Data for processing Start Marker
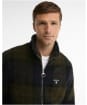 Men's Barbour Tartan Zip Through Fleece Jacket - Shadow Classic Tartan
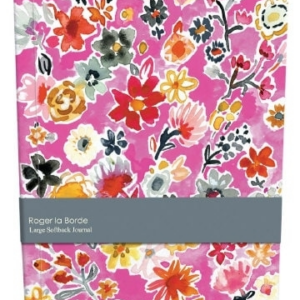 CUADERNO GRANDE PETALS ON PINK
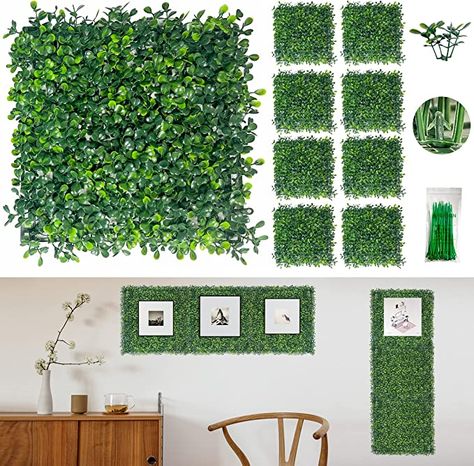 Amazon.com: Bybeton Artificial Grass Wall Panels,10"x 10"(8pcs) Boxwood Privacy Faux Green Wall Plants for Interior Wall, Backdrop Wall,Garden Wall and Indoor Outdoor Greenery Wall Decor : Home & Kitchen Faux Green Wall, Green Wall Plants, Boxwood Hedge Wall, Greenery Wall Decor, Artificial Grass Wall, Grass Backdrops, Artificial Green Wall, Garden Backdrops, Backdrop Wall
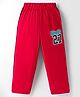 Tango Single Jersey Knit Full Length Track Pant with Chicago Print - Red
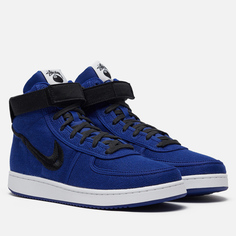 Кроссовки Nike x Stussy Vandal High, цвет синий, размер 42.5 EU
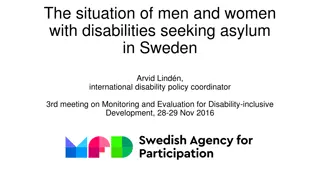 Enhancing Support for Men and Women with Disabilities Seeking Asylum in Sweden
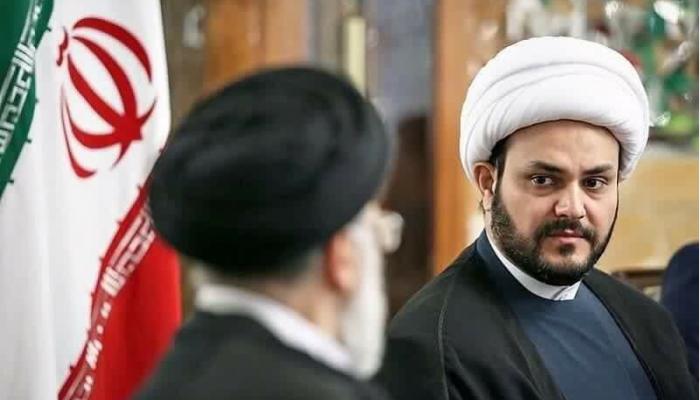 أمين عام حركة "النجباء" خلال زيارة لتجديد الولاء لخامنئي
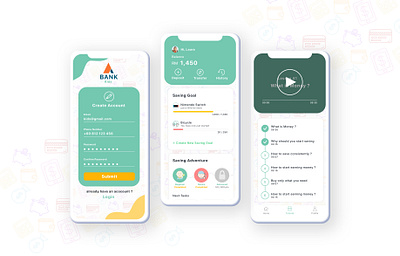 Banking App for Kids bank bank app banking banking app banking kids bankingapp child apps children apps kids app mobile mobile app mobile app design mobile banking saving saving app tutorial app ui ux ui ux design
Data for processing End Marker
Word for word, reproduce the material above and omit each image.

 Men's Barbour Tartan Zip Through Fleece Jacket - Shadow Classic Tartan
 CUADERNO GRANDE PETALS ON PINK
 Amazon.com: Bybeton Artificial Grass Wall Panels,10"x 10"(8pcs) Boxwood Privacy Faux Green Wall Plants for Interior Wall, Backdrop Wall,Garden Wall and Indoor Outdoor Greenery Wall Decor : Home & Kitchen Faux Green Wall, Green Wall Plants, Boxwood Hedge Wall, Greenery Wall Decor, Artificial Grass Wall, Grass Backdrops, Artificial Green Wall, Garden Backdrops, Backdrop Wall
 Tango Single Jersey Knit Full Length Track Pant with Chicago Print - Red
 Кроссовки Nike x Stussy Vandal High, цвет синий, размер 42.5 EU
 Enhancing Support for Men and Women with Disabilities Seeking Asylum in Sweden
 أمين عام حركة "النجباء" خلال زيارة لتجديد الولاء لخامنئي
 Banking App for Kids bank bank app banking banking app banking kids bankingapp child apps children apps kids app mobile mobile app mobile app design mobile banking saving saving app tutorial app ui ux ui ux design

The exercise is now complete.